Subject: Re: Extension of fsync_range() to permit forcing disk cache flushing
To: Bill Sommerfeld <firstname.lastname@example.org>
From: Manuel Bouyer <email@example.com>
Date: 12/20/2004 21:38:31
On Mon, Dec 20, 2004 at 11:33:43AM -0500, Bill Sommerfeld wrote:
> On Fri, 2004-12-17 at 08:34, Manuel Bouyer wrote:
> > In another thread, we admit that the upper layers needs to aware of this
> > property of the ATA drives, and deal with it. fsync() doens't have to
> > call directly the flush cache ioctl, it could insert itself in the
> > write queue with a write barrier. This way several subsystem's
> > barrier could be combined in one to help performances on busy systems.

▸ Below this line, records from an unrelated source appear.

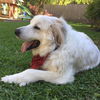 Finnegan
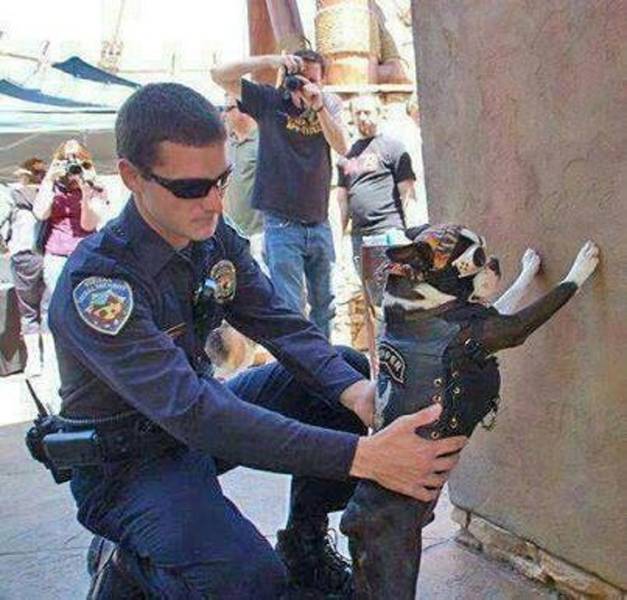 Police Just Wanna Have Fun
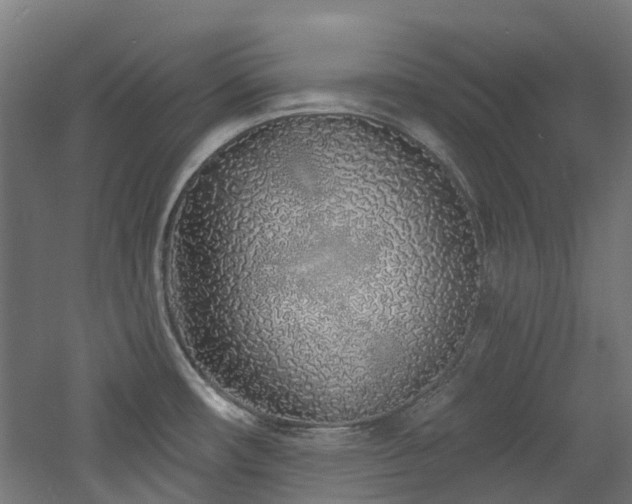 X0000060761482200511101127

> while a queued barrier can help with single-system self-consistency, you
> still may wind up turning back the clock after a crash unless you also
> put other externally-visible signs from the processes into limbo until
> the write completes..
> consider an SMTP server -- before responding with a 2xx code to the DATA command,
> it should commit the message to stable store.

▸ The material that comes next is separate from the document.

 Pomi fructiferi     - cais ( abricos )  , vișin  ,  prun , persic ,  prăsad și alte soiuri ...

Yes, and as far as I know, sendmail uses fsync() for this.
> all of this is, however, something of a probability game; there are no absolute
> guarantees that the data is coming back, because any block written could go bad,
> or the controller could go fail in a way that it would acknowledge writes as
> complete even when they weren't (I've seen it happen. story for another time..)
Sure. There can also be software bugs ...
> What makes sense for a low end ATA drive (it may lose dirty cache data on
> loss of power or reset) may not make sense for a high end RAID system with
> battery backed mirrored cache.
> which fsync semantic do you want:
> - data recoverable even if something outside the storage widget fails
> - data recoverable unless something inside the storage widget fails.
I really depends on the context. Personally on boxes where reliability
of the disk system matters, I don't use ATA at all.
Manuel Bouyer <firstname.lastname@example.org>
NetBSD: 26 ans d'experience feront toujours la difference